**Your instructions**. If pictures appear among the lines below, leave them out while you return exactly the lines from the one with "Einfamilienhaus zur Miete" through the one with "Makeup sæt (Reichhaltige".

**Supplied records**.
------

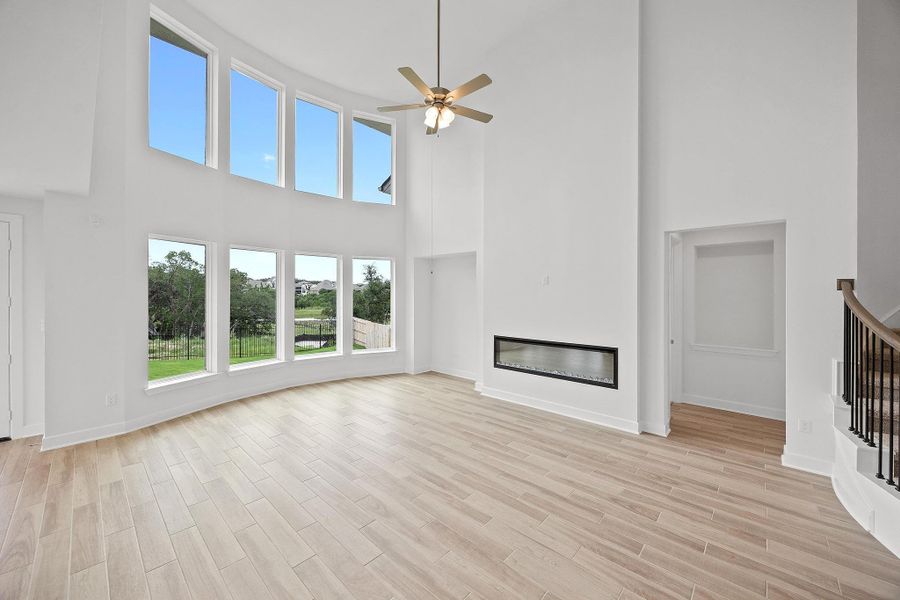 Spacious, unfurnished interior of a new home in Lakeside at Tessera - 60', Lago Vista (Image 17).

------

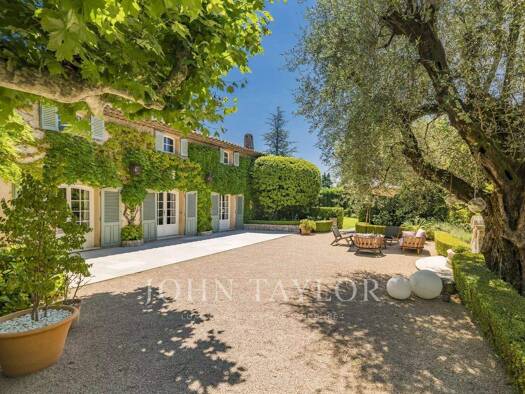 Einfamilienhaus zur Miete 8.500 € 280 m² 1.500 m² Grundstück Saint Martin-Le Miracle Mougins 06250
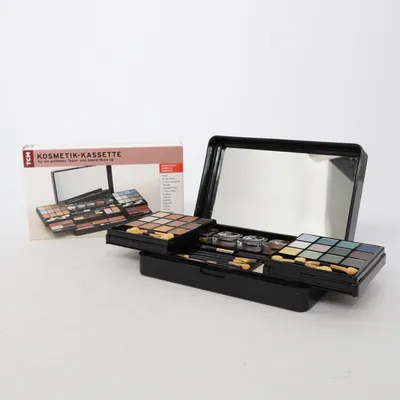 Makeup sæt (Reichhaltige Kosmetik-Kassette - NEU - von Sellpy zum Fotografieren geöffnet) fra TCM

------

**Output for this task**.
 Einfamilienhaus zur Miete 8.500 € 280 m² 1.500 m² Grundstück Saint Martin-Le Miracle Mougins 06250
 Makeup sæt (Reichhaltige Kosmetik-Kassette - NEU - von Sellpy zum Fotografieren geöffnet) fra TCM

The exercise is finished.